Я пришел без десяти пять, но мне билет так и не продали, хотя девушка продолжала сидеть на кассе, а в самом соборе, со стороны нефов, безбилетников к сакральному искусству не пускала усатая старушка маленького роста. Среди полосатых колонн и не менее полосатых арок боковых проходов, по-тоскански чередующих контрастные каррарские мраморы, казалось она крохотной, не больше нэцке, фигуркой, вписанной в закрытое (в том смысле, что чужое) пространство.
В склады небесных мануфактур.
Тем более что пять главных капелл приподняты над уровнем трансепта на целый пролет мраморных ступеней, из-за чего пропорции территорий растягиваются, а люди, когда смотришь на них снизу вверх, di sotto in su, словно бы сжимаются, как под давлением зрительного сокращения.
И старушка, и кассирша флегматично, точно сиеста еще, предлагали мне прийти завтра в десять.

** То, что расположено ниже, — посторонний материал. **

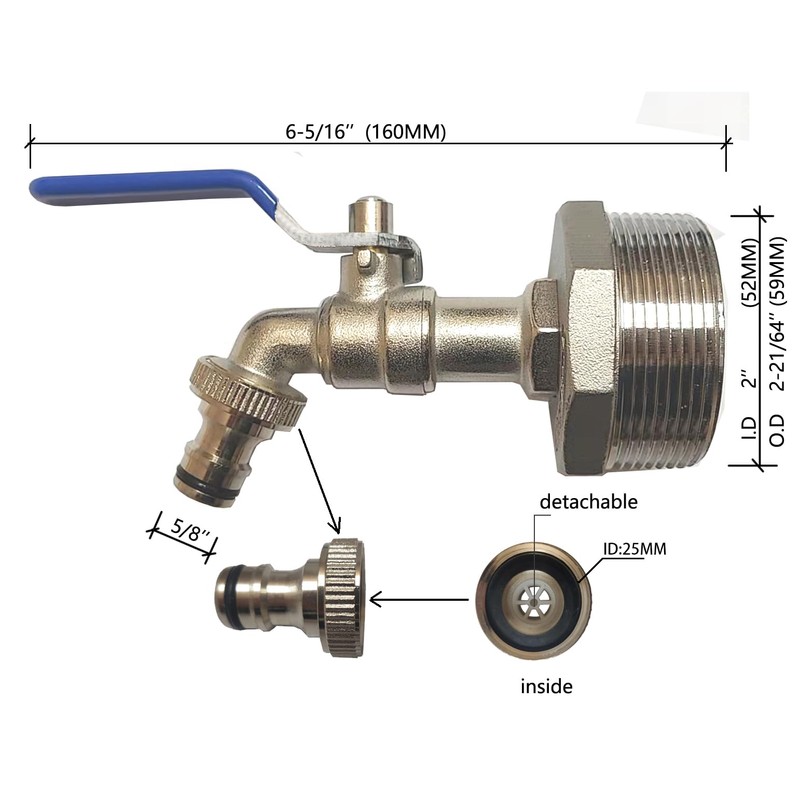 2" Drum Faucet Stainless Steel Barrel Faucet with EPDM Gasket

Махали на меня рукой: ничего, мол, страшного, утром придете, утром. Я же им по-русски отвечал, надеясь на силу своего взгляда, что утром буду уже далеко. Подводит меня мой взгляд, выдает подспудную вялость желаний, а главное, их усталость, останавливает продвижение к фрескам, ничего, мол, страшного, одним Липпи больше, одним меньше.
Но там же еще и Учелло!
Эх, кабы знать это раньше!
Но великолепный полосатый Сан-Стефано, похожий на подсвечник, с его круглым балконом-кафедрой, надетым на правый бок (так на стволах древних деревьев вырастают грибы) фасада, с которого обычно по очень большим праздникам демонстрируют Пояс Богородицы, никто закрыть не в состоянии. Так как на пояс постоянно покушались лихие люди, часовня Святого Пояса в боковом нефе всегда закрыта решеткой, подсвеченная изнутри, словно волшебная шкатулка.
От опытных путешественников, общающихся с местными русскоязычными, знаю – часовню никогда не открывают, хотя фрески Аньоло Гадди именно там: готические, если верить снимкам в Сети, но чистые и просветленные, без доминирования жесткого и колючего рисунка. С ясными и промытыми цветами; с просторными, почти как у Джотто, композициями.

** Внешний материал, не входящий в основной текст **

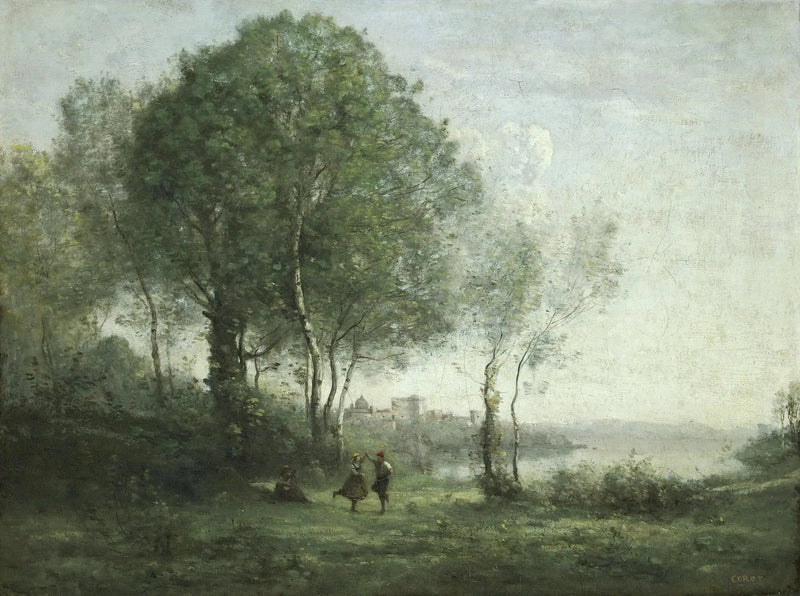 Castel Gandolfo, bergere tyrolienne dansant ved bredden af Albano-søen - Jean-Baptiste Camille Corot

Сам же собор (малой базиликой он стал совсем недавно – в 1996 году), напротив, показался мне внутри густым и, как на картинах Липпи, заполненным (вы обращали внимание, что у отца и тем более сына Липпи на досках и фресках нет ни одного промежуточного миллиметра – любой фрагмент стремится стать центровым или хотя бы центростремительным?) – но не в смысле нагромождения артефактов и локальных зон, исполненных в разных эпохах и стилях, а потому что интонационно вполне монохромный, он словно бы производит (вырабатывает, варит) бальзам особенного, буквально на глазах загустевающего вещества. С одной стороны, вязкого, а с другой – разноцветно-прозрачного.
Хотя, возможно, все дело в том, что осенний вечер в Прато выдался солнечным и теплым, яблочным и желторотым, из-за чего витражи по рисункам Липпи настаивали издревле чуть пожелтелые внутренние воды Сан-Стефано до состояния болотца, уютного и вполне вместительного. Точно художнику и его знаменитой любовной истории удалось стать гением места, вот этого конкретного собора, навсегда поселившись в его мозжечке. Для того чтоб разыгрывать перед случайными туристами драму потерянного чувства.

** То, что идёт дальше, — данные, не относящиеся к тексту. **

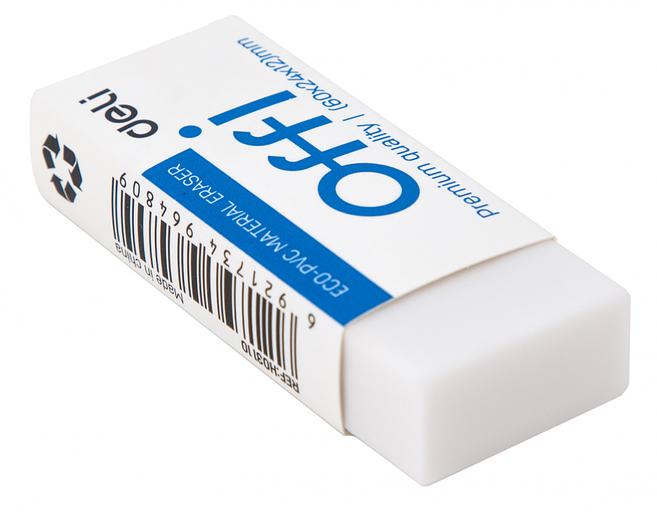 Ластик Deli EH03110 Offi 60x24x12мм ПВХ белый индивидуальная картонная упаковка фото 7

С помощью картин и фресок, витражного света и дремучего леса свечей, запаха воска и ладана, потрескиваний да шуршаний…
…чтобы в отсутствие иных, более сильных впечатлений мог стать событием выход на кафедральную площадь – с совсем другой геометрией устройства: по-средневековому неровной, шершавой, разнобойной. Чтобы, обжегшись без Липпи, начать собирать осколки
Теперь нужно более внимательно посмотреть на стертые барельефы зонтика кафедры, созданные Донателло и со временем ставшие фризами, – это ведь в Тоскане Донателло как грязи (в одной Сиене его больше, чем во всех странах Восточной Европы), но если мы хотим следовать истории искусства, нам без Донателло никуда.
Ангелы, танцующие в обнимку с путти, образуют семь очаровательных композиций, совершенно античных по духу и внутреннему свету, словно бы распирающему эти сцепленные фигурки изнутри. Оригиналы их давно уже сняли с фасада кафедры Микелоццо (1428–1438) и снесли в Музей Дуомо, на площадь теперь смотрят копии, прикрытые «изящным зонтиком» и не менее изысканной бронзовой подставкой, которую тоже ведь Донателло делал.